Chris Versace is the editor of PowerTrend Brief and PowerTrend Profits. He is a financial columnist and equity analyst, with more than 18 years of experience in the investment industry. Mr. Versace has been ranked an All Star Analyst by Zacks Investment Research and his efforts in analyzing industries, companies, and equity securities have been recognized by both Institutional Investor and Thomson Reuters’ StarMine Monitor. Mr. Versace is frequently published in the Washington Times and is a frequent contributor to the daily radio show, "America’s Morning News" and "America’s Radio News." He has been quoted in the Wall Street Journal, Investor’s Business Daily, The Street, USA Today, and other publications. In addition, Mr. Versace can be frequently seen on television’s FOX Business show.
In this interview, Chris Versace explains what he means by "power trends," and uses a particularly strong example to lead into a stock ready to invest in today.
We're talking power trends with Chris Versace. What are they and how do they work, Chris?
Well, a power trend is a way to identify a long cyclical shift in the market. Some examples of power trends would be the fattening of the consumer; living longer lives; always on, always connected.
Those are the ones that I talk about all the time in my newsletter, Power Trend Profits, but in reality, what they are is the intersection of evolving demographics, psychographics, economics, sometimes a shift in technology, all of which, taken together, transforms consumer behavior.
It forces a company to change the way it does its business. Sometimes companies are capitalizing on that power trend. Other times, they're left vulnerable, and we obviously want to be investing in one's that are capitalizing on those trends.
Some of these trends then, I mean, you're looking at trends that are occurring over three, five, ten years, quite possibly that.
Well, it can be. Our time horizon with Power Trend Profits is longer term, and we can take positions up to two years if we need to. It really just depends on the individual power trend.
But of course there are companies that are evolving based on price targets and other things that we might be very bullish for a long period of time on a company. Or we might have a shorter time horizon, but then we can always look at another company to replace it, kind of like a red shirt in basketball.
Sure, and you can be bullish, you can see the power trend growing, but the companies might change within that trend.
Absolutely. Absolutely. Just because there's a company that at one point in time at a particular stock price is well positioned inside the power trend doesn't mean it'll always be so.
So, we're always evaluating new companies potentially making a swap if need be, but if all things are going well and the company continues to perform, and underlying fundamentals are good, we obviously want to stick with companies that are well positioned.
So, you're looking at the fundamentals as well as the technicals in this. This isn't a technical-based service. You're not spotting a trend and then playing the technicals, you're actually looking at how the companies working with the consumers. Is it all consumer-based?
No, it's not, and you're correct in that I'm not necessarily a chartist. If anything, given 20 years in equity research, I am far more of a fundamentalist than anything else. But I do kind of laser in on entry and exit points and will consult the charts, the technicals, but I always believed that there's a number of things you need to bring to bear-there's no silver bullet.
Right.
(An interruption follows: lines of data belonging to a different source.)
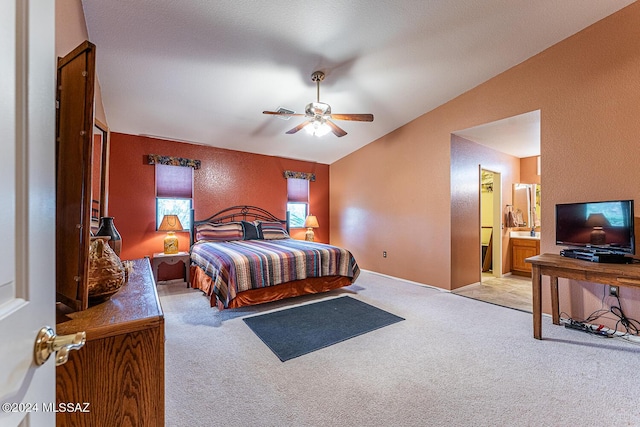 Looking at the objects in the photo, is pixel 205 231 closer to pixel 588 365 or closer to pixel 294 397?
pixel 294 397

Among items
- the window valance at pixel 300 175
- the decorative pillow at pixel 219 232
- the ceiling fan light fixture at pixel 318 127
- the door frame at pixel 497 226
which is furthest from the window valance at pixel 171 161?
the door frame at pixel 497 226

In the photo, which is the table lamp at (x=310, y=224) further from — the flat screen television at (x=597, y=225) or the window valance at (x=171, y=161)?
the flat screen television at (x=597, y=225)

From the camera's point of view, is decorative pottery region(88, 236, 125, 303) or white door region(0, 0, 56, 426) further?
decorative pottery region(88, 236, 125, 303)

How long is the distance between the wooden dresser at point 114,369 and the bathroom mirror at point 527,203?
20.3 feet

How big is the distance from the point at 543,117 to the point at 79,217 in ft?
14.2

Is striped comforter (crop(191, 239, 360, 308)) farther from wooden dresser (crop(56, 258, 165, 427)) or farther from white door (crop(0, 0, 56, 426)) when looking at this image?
white door (crop(0, 0, 56, 426))

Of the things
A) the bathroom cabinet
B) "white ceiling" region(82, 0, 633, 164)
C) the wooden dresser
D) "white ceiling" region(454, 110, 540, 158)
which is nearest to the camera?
the wooden dresser

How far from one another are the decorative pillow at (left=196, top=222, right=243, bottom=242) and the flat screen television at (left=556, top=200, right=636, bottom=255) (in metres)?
4.53

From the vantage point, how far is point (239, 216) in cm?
535

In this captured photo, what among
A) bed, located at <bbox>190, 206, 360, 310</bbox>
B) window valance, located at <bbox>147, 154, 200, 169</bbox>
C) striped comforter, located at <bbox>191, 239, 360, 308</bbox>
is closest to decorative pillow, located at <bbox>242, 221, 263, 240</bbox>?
bed, located at <bbox>190, 206, 360, 310</bbox>

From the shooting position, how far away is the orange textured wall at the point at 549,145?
2662 mm

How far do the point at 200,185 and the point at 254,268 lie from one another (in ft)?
8.17

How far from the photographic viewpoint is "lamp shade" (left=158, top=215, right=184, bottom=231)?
4.26 meters

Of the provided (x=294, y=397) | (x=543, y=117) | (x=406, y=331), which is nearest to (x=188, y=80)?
(x=294, y=397) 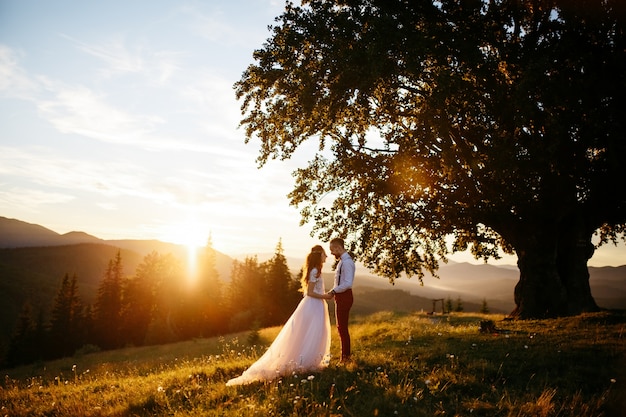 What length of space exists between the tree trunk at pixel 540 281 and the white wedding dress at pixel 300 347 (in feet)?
41.4

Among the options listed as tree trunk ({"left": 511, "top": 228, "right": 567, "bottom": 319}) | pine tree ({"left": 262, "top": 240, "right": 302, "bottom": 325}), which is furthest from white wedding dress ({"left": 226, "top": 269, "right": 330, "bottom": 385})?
pine tree ({"left": 262, "top": 240, "right": 302, "bottom": 325})

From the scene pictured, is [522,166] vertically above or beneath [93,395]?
above

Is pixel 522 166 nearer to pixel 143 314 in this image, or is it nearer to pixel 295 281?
pixel 295 281

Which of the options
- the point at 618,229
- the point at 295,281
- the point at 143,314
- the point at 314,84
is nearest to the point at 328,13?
the point at 314,84

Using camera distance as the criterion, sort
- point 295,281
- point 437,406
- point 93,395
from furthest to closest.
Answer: point 295,281 → point 93,395 → point 437,406

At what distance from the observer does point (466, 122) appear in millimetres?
15734

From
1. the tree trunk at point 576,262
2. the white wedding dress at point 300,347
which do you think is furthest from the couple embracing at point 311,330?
the tree trunk at point 576,262

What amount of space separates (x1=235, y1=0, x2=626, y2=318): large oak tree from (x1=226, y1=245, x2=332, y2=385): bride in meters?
5.87

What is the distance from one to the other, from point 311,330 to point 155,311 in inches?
2433

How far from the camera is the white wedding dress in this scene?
861cm

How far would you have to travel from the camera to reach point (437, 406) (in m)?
6.32

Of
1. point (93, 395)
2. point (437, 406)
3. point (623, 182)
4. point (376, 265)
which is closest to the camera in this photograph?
point (437, 406)

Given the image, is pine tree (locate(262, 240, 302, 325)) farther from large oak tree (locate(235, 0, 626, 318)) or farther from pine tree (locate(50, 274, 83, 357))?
large oak tree (locate(235, 0, 626, 318))

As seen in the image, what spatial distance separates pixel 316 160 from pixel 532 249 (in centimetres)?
1099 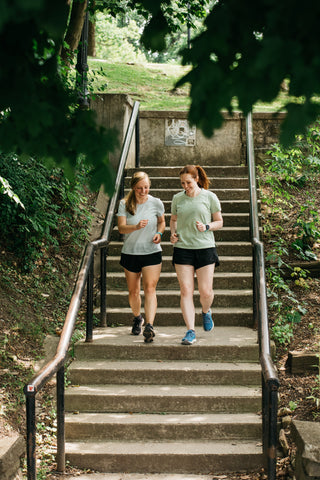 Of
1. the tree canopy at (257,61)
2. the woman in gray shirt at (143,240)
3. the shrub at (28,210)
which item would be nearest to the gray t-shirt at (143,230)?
the woman in gray shirt at (143,240)

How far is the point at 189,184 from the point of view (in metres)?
5.43

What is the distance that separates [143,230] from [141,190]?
38 centimetres

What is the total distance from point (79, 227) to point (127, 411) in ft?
11.8

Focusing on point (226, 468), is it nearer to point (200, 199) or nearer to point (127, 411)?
point (127, 411)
So, it's more confirming-the technicals you use to confirm your fundamental analysis.
Correct. Yes, absolutely right.
Do you have any that you like in particular?
Oh there's-I like all the power trends.
Right, large stocks within those trends. Tell me about a couple of trends and maybe a couple of stocks.
Sure. One that I've been talking about quite a lot of is the rise and fall of the middle class. You know, we take a look around the United States. We had unemployment over 8% for three years, wages are stagnant.
The question is what is the health of the middle class here...yet, if we look outside the United States to the emerging economies; China, India, and so forth, we're seeing rising disposable income, increase in purchasing power, and a real trade up in the consumer lifestyle over there. So, we're looking for companies that are really improving their position in that.
The one that we really like is International Flavors and Fragrances (IFF), because it's an ecosystem play, if you will, on a number of consumer product companies-Colgate-Palmolive (CL), Pepsi (PEP), and the like that are really capitalizing on growth in these emerging regions.